Thanks everyone for your support!

L


----------



## Edward C. Patterson (Mar 28, 2009)

Your great reviews keep rolling in. Well deserved.

Ed Patterson


----------



## Leslie (Apr 7, 2008)

I've made my first donation to Protect Maine Equality/No On 1...$100.

Thanks for your support, everyone. Keep reading!

And if you want to make a straight donation, you can go to my fundraising page which is located here:

http://www.actblue.com/page/bcpinepress

L


----------



## crebel (Jan 15, 2009)

Leslie said:


> I've made my first donation to Protect Maine Equality/No On 1...$100.
> 
> L


Congratulations! I've been trying to find a similar group for Iowa and when I do, I will send a donation mentioning Taming Groomzilla and its proceeds to Protect Maine Equality. I am sure your support for them is greatly appreciated.

Chris


----------



## Leslie (Apr 7, 2008)

Hi Chris,

It looks like OneIowa is the equality organization in Iowa.

www.oneiowa.org

Here's an ad I found:


----------



## crebel (Jan 15, 2009)

Thanks Leslie - I hadn't seen the ad (I don't watch much tv).  I will be contacting them soon.  It is great to see the success you are having with Taming Groomzilla.  How is the sequel coming?


----------



## Leslie (Apr 7, 2008)

crebel said:


> Thanks Leslie - I hadn't seen the ad (I don't watch much tv). I will be contacting them soon. It is great to see the success you are having with Taming Groomzilla. How is the sequel coming?


The sequel is coming slowly. I got distracted while I was in Switzerland and sort of lost the flow in my mind.

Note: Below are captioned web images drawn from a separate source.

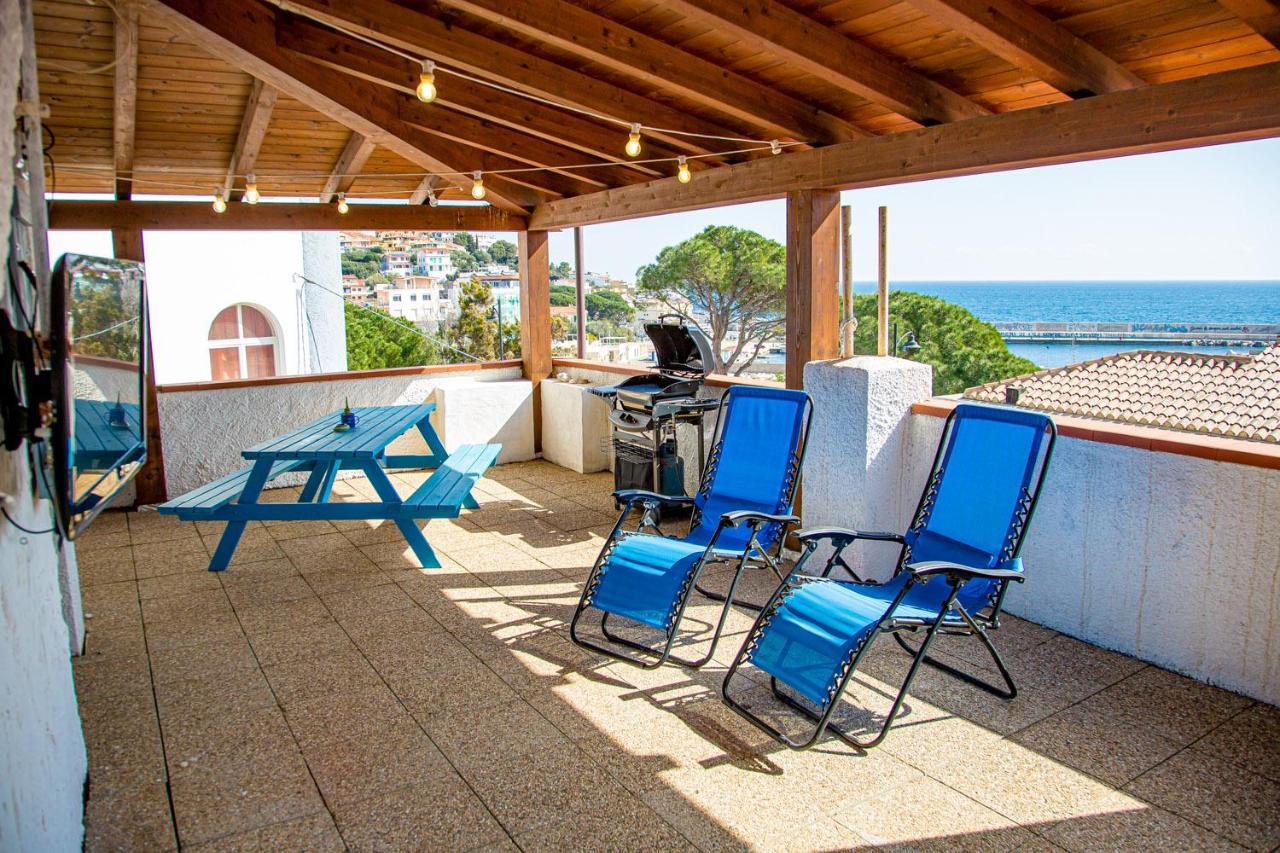 Ti porto al mare Apartment Cala Gonone Esterno foto
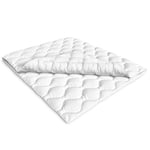 Siebenschläfer All Seasons Duvet (4.5 Tog + 10.5 Tog = 15 Tog, Double Size)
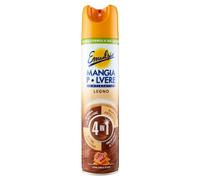 Emulsio Mangia Polvere l'Antistatico Legno 4 in 1 300 ml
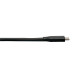 Tripp Lite U444-006-DP-BE USB-C to DisplayPort Adapter Cable (M/M), 4K 60 Hz, HDR, Locking DP Connector, 6 ft. (1.8 m)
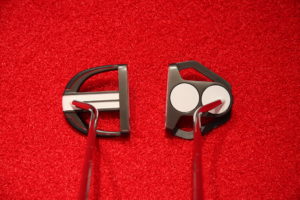 Odyssey Backstryke Putters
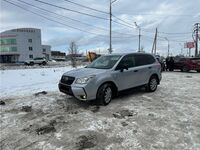 Subaru Forester, 2013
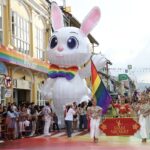 อันดามันสะเทือน! ภูเก็ตส่งท้ายงาน Pride 2025 ตื่นตาตื่นใจขบวนพาเหรดสุดอลังการ
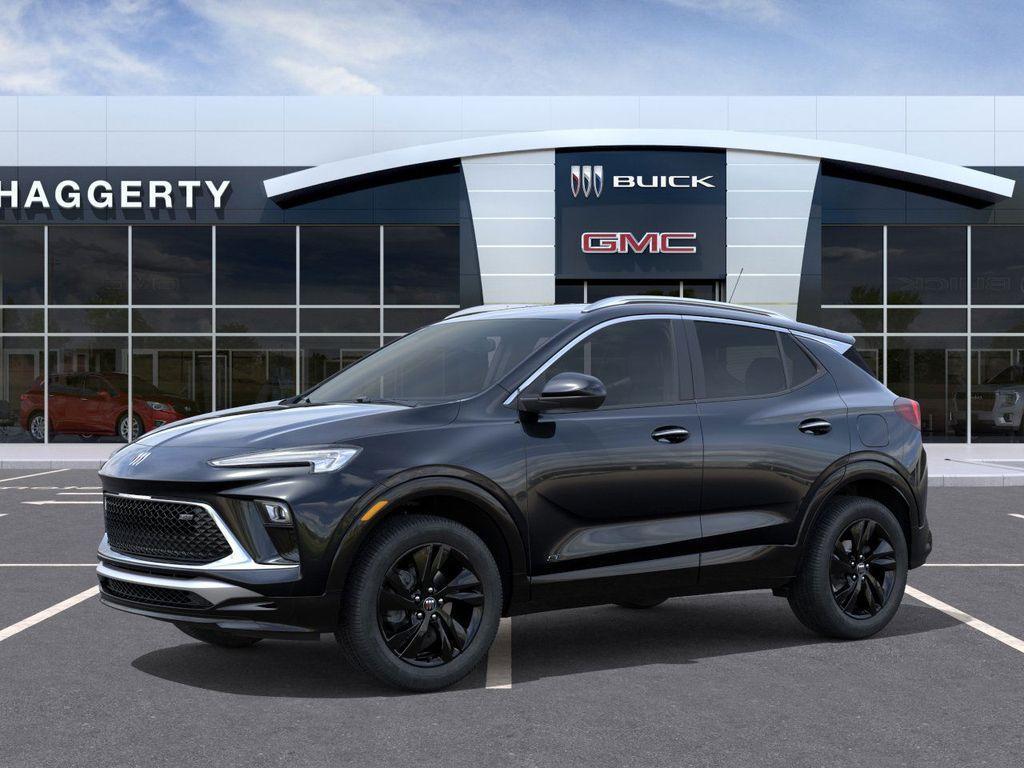 new 2026 Buick Encore GX car, priced at $28,280
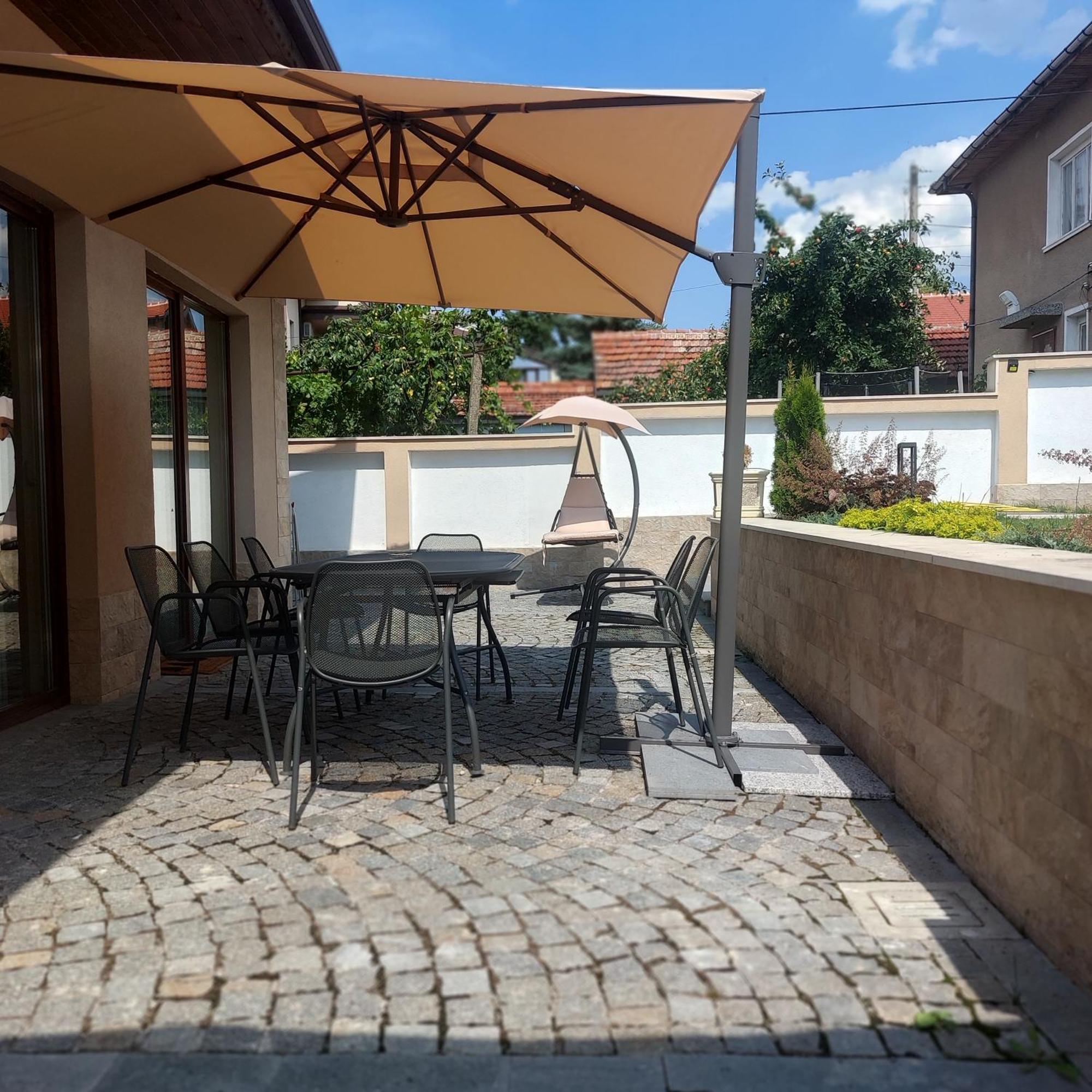 Stella Guesthouse Sapareva Banja Exteriér fotografie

Once I settle down with being back here at home, I'll get back on track.

I am also working on writing a "lost scene" -- ie, a scene that wasn't in the book -- of when Joel and Luke met in the bar. That would be a freebie that would be offered through All Romance.

L


----------



## Edward C. Patterson (Mar 28, 2009)

Leslie said:


> I am also working on writing a "lost scene" -- ie, a scene that wasn't in the book -- of when Joel and Luke met in the bar. That would be a freebie that would be offered through All Romance.
> 
> L


 

Ed P


----------



## AppleHeart (Apr 10, 2009)

Finished reading your novella while I was at Thousand Islands (US/Canada sides) this past weekend and I really loved the surprise twist which I thought was better than the expected ending. Also enjoyed the hilarious planning of everything from the food, flowers, rings, location etc.., especially the choosing of the wedding attire - would have loved the Kilt! Also, when I saw the gazebo at Boldt Castle, I was seeing in my mind's eyes, Joel and Luke getting married there. Then we stopped by Tibbetts Point Lighthouse on our way to Hackets Harbor Battlefield, and guess what I was imagining which placed a smile on my face that my friends asked me what/why I was smiling at/for. Of course I couldn't tell them...mayhaps I should have, no? Geez!!!   

Since you're writing a follow-up, does that mean we get to see more of Joel's Mom and his sisters? She (the Mom) reminds me so much of my foster Mom here in America. (We were assigned foster families by the sponsoring hospitals when we first arrived here in the States, I guess to stave off our homesickness circa 1970s.) I also want to know more about the sister's (Grace?) plaid kilt. Heck, I need to know more about everyone! Golly, demanding much?!?!  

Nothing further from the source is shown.